### Data under study
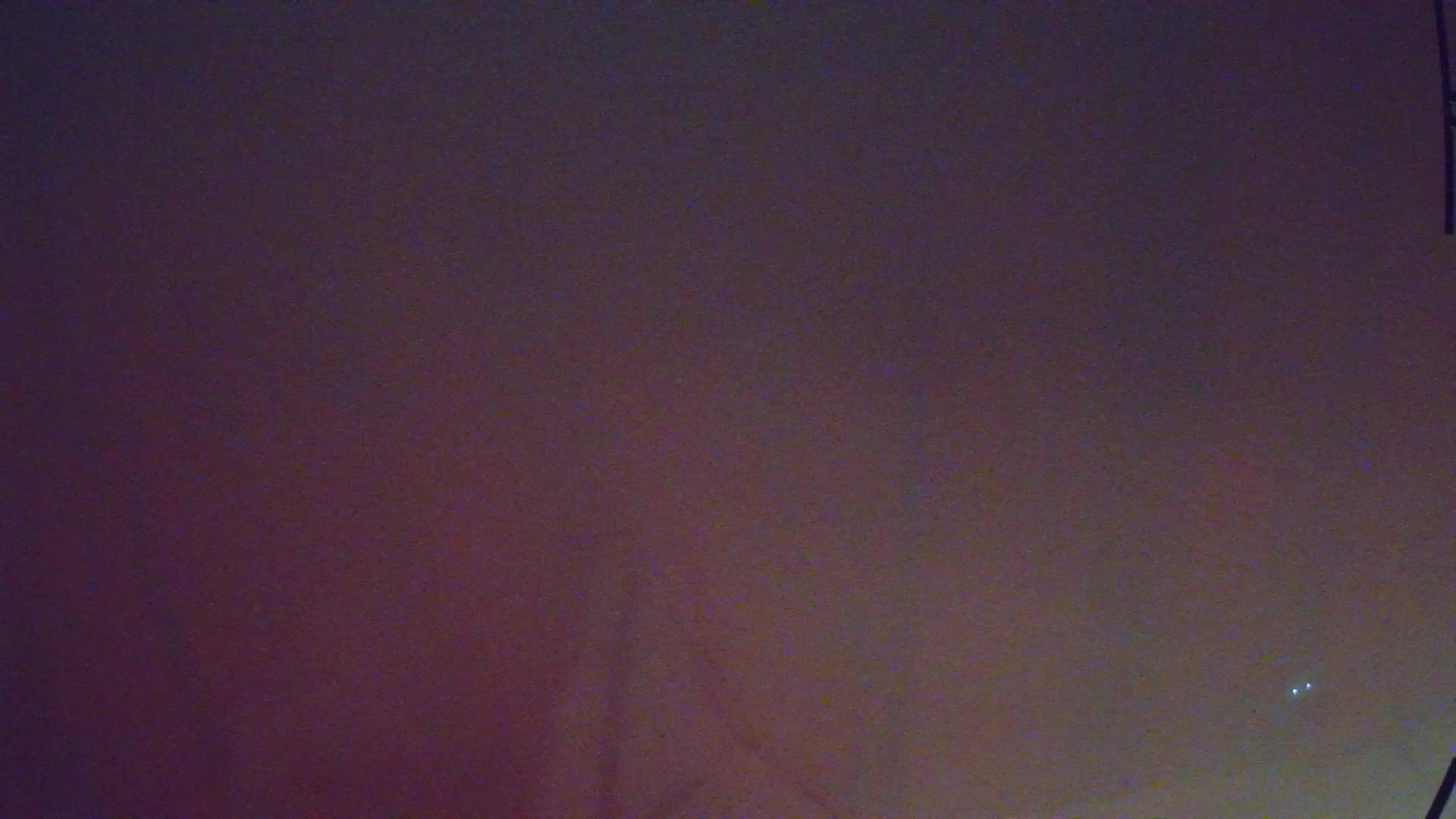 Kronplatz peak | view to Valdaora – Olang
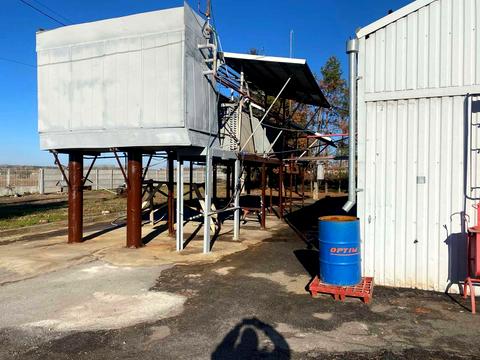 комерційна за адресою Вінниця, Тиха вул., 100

--

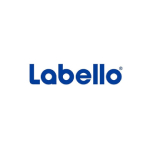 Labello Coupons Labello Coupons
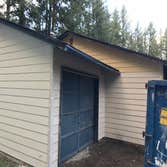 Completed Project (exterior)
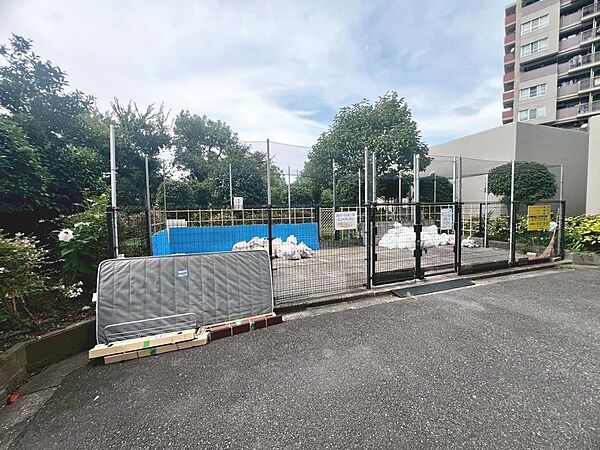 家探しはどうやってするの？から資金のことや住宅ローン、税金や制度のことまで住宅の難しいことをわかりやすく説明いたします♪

### Work to complete
Among the records above, locate the line containing "Labello Coupons Labello Coupons" and the line containing "家探しはどうやってするの？か", then transcribe exactly the lines starting at the first and ending at the second, with no pictures.

### Task solution
 Labello Coupons Labello Coupons
 Completed Project (exterior)
 家探しはどうやってするの？から資金のことや住宅ローン、税金や制度のことまで住宅の難しいことをわかりやすく説明いたします♪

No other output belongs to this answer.